As for power testing, unfortunately, there are problems with the TechPowerUp results which were recognized earlier in this thread also by other users, but have never been addressed. This is better understood with a diagram, see below.







The i9 from the TPU review had scores decreasing linearly with power. Furthermore, efficiency (score/watt) barely increased with decreasing power limit.
The Club386 results on the other hand, although they provide only a few data points in total, roughly follow the expected power-performance curve.




kraiggers said:


> And, how does the performance of the chips change when PL1 is different than PL2? Say, when PL1=90w (like in the oem HP)? Maybe that doesn't matter since all three are set at the same PL1=90?

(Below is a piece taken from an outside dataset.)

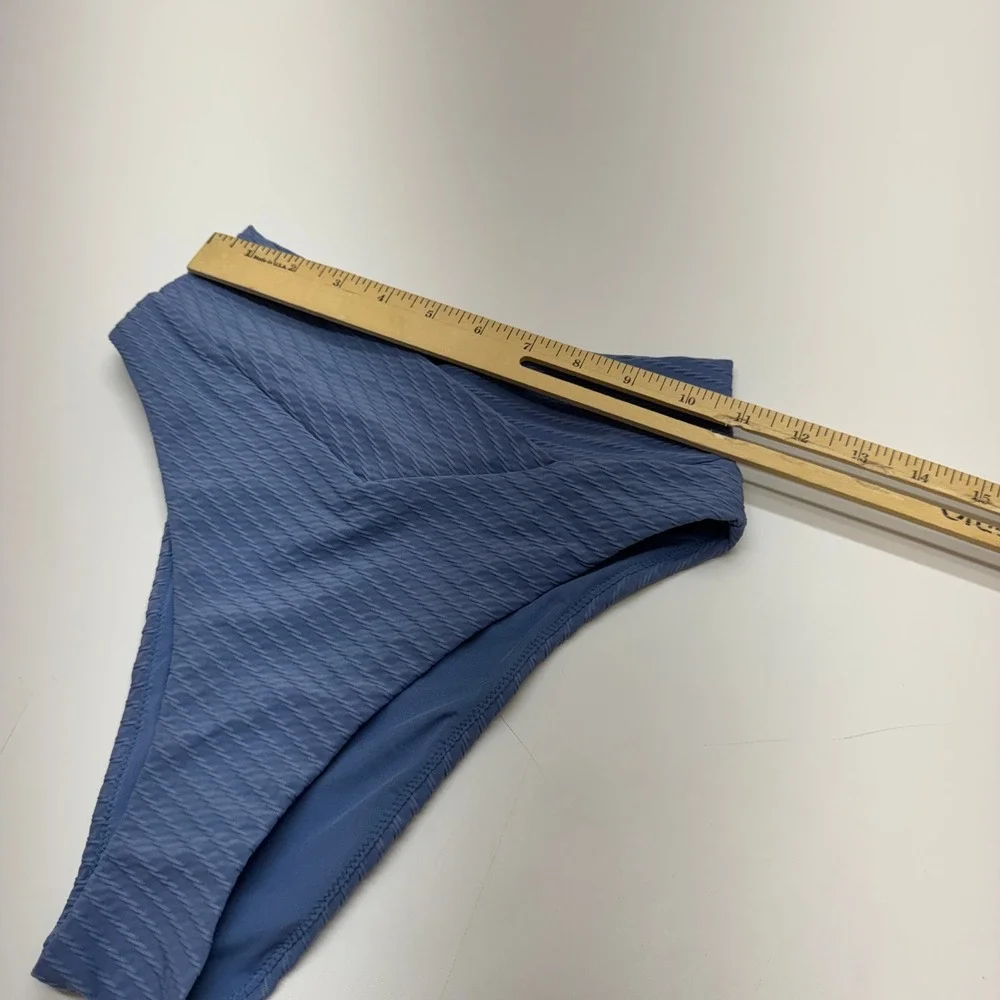 Aerie Bikini Bottoms Womens Small Blue Ribbed High Waisted Cheeky Swimwear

Difficult to predict performance when PL2 and PL1 are both used and CPU power can be temperature-limited. The CPU will run for a while at PL2 (or the highest it can up to PL2, depending on operating conditions), then continue processing at PL1. Most online reviews try instead to run the CPU at a constant power level.



kraiggers said:


> Second — and I guess related to what I wrote above — what are there thermal differences between the three chips (i5k, i7k, i9k) when run *at the same power levels*? Or, another way, can the i7k run at a higher power level holding heat constant? (I'm not even sure whether that would be PL1, PL2, or both?)



Assuming the same cooling efficiency and architecture, the chip with the larger amount of cores for the same amount of power should run at lower temperatures, since heat density will be lower (distributed over a larger surface area).



kraiggers said:


> The throttled 190w i9k _system_ is consuming _more power_ than the stock 190w i7k _system_, even when the chip is set at the same 190w power level. That's interesting, and honestly, unexpected? Doesn't that undercut the whole idea of power limiting?



The stock i7-12700K with default PL2=190W doesn't actually reach 190W (package power) during rendering benchmarks, but more like 165-175W depending on voltage settings and silicon quality. This is probably why the i9-12900K limited to 190W has a higher system consumption.

Also, most stock i9-12900K CPUs probably won't actually reach 241W during a Cinebench R23 run either, but stop at a somewhat lower level.



kraiggers said:


> I'm left with the gut feeling that while an i9k might be as fast or faster than an i7k at a constant power level, it will also (inexplicably?!) consume more system power and be hotter. I would like to hold the thermal limit constant, and then see what kind of performance the chips would give. If my inferences are vaguely right, then the i9k would be (slightly?) more throttled than the i7k, and that might erode the performance advantage we see at constant power levels?



I don't see good reasons why a somewhat larger CPU (just 4 more E-cores) of the same architecture should be hotter at the same power draw, if all other variables (cooler, motherboard) are kept the same.

From my own testing, throttling (of any kind) apparently has a very slight effect on CPU efficiency in the order 1% or so compared to the unthrottled CPU running at the same power level, it's basically within error margins. 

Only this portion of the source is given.